3. Aux termes de l'article R. 611-8-6 du code de justice administrative : " Lorsqu'une partie a accepté, pour une instance donnée, l'utilisation du téléservice mentionné à l'article R. 414-6, la juridiction peut lui adresser par cette application, et pour cette instance, toutes les communications et notifications prévues par le présent livre. / Les parties sont réputées avoir reçu la communication ou la notification à la date de première consultation du document qui leur a été ainsi adressé, certifiée par l'accusé de réception délivré par l'application informatique, ou, à défaut de consultation dans un délai de deux jours ouvrés à compter de la date de mise à disposition du document dans l'application, à l'issue de ce délai. Sauf demande contraire de leur part, les parties sont alertées de toute nouvelle communication ou notification par un message électronique envoyé à l'adresse choisie par elles () ".

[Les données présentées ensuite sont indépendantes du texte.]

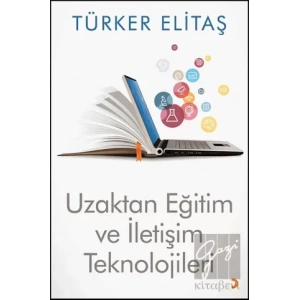 Uzaktan Eğitim ve İletişim Teknolojileri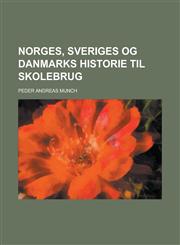 Norges, Sveriges Og Danmarks Historie Til Skolebrug,1234302543,9781234302542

4. Les requérants qui demandent au tribunal d'annuler la délibération approuvant le plan local d'urbanisme de la commune de Quissac, en tant qu'elle classe leur parcelle en zone Ap, se bornent à produire des captures d'écran " Géoportail " et " IGN ". La requête étant ainsi dépourvue de la décision attaquée mentionnée aux dispositions de l'article 412-1 précitées, une demande de régularisation leur a été adressée par courrier le 10 juillet 2024, lequel est réputé avoir été notifié deux jours plus tard, soit le 12 juillet 2024, en application des dispositions précitées de l'article R. 611-8-6 du code de justice administrative. Les requérants n'ont pas, à l'expiration du délai de huit jours qui leur a été imparti, produit la décision attaquée ou justifié de l'impossibilité de la produire. Dès lors, la présente requête, qui n'a pas été régularisée à la date de la présente ordonnance, est entachée d'une irrecevabilité manifeste. Il y a lieu, par suite, de la rejeter en application des dispositions précitées du 4° de l'article R. 222-1 du code de justice administrative.

O R D O N N E :

Article 1er : La requête de M. et M. A est rejetée.

Article 2 : La présente ordonnance sera notifiée à M. B A et Mme C A et à la commune de Quissac.

Fait à Nîmes, le 9 août 2024.

La présidente de la 1ère chambre,

C. BOYER

La République mande et ordonne au préfet du Gard en ce qui le concerne ou à tous commissaires de justice à ce requis en ce qui concerne les voies de droit commun contre les parties privées de pourvoir à l'exécution de la présente décision.